A small volunteer-led aid group’s humanitarian relief efforts can mean the difference between life and death for someone in Ukraine.
How tiny, volunteer group raised $57m for Ukraine
Kateryna Terekhova proudly shows off the new shelter she has created inside an abandoned schoolhouse in Zakarpattia, Ukraine, an area near the border with Slovakia, Romania, and Hungary. Over a video call, she points out the separate communal rooms for men, women and families. The dozens of beds have new mattresses and linens. The bathrooms and showers are new, too. She loves the kitchen, which churns out three free meals a day for residents.
People lounge on beds; a girl is scrunched up on a bench in the dining room, staring at her phone. Outside it’s quiet in this rural area — a relatively safe reprieve for people who have fled the terror of the Russian invasion.

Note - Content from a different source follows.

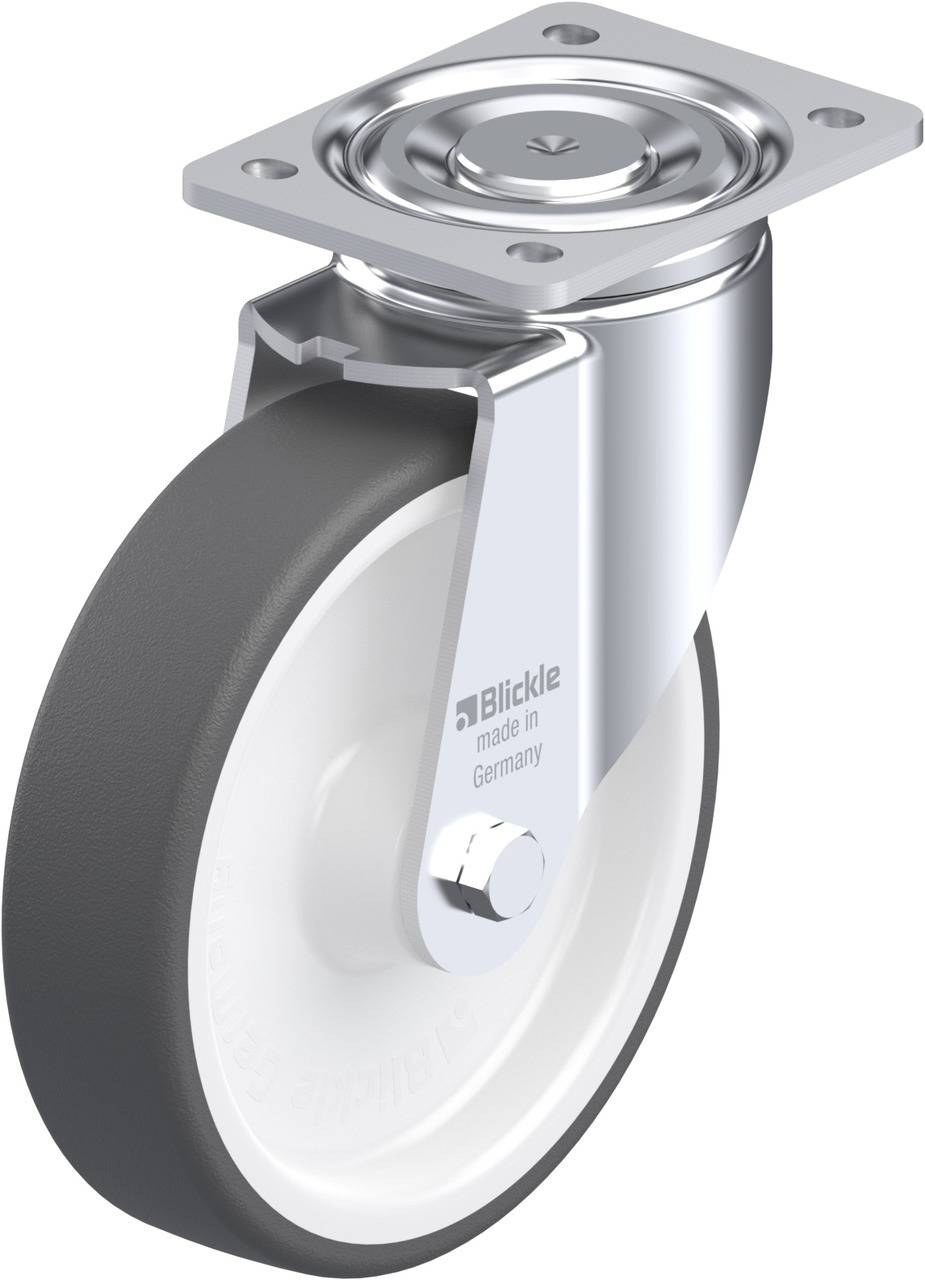Blickle 44933 LH-POTH 200R Lenkrolle Rad-Durchmesser: 200 mm Tragfähigkeit (max.): 600 kg 1 St.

Terekhova fled here herself with her extended family from Kyiv in the opening days of the war and almost immediately began working on ways to help. As soon as she saw the schoolhouse, she knew it would make a perfect shelter. But it would require work — it had been empty for four years and had no plumbing or central heating.

She was part of a chat group with IT Troops, a group of Ukrainian technology workers and entrepreneurs who help get supplies to troops and fund humanitarian work. They put Terekhova in charge of their humanitarian efforts. The group had been in contact with Razom for Ukraine, a US-based charity run by Ukrainian and Ukrainian American volunteers.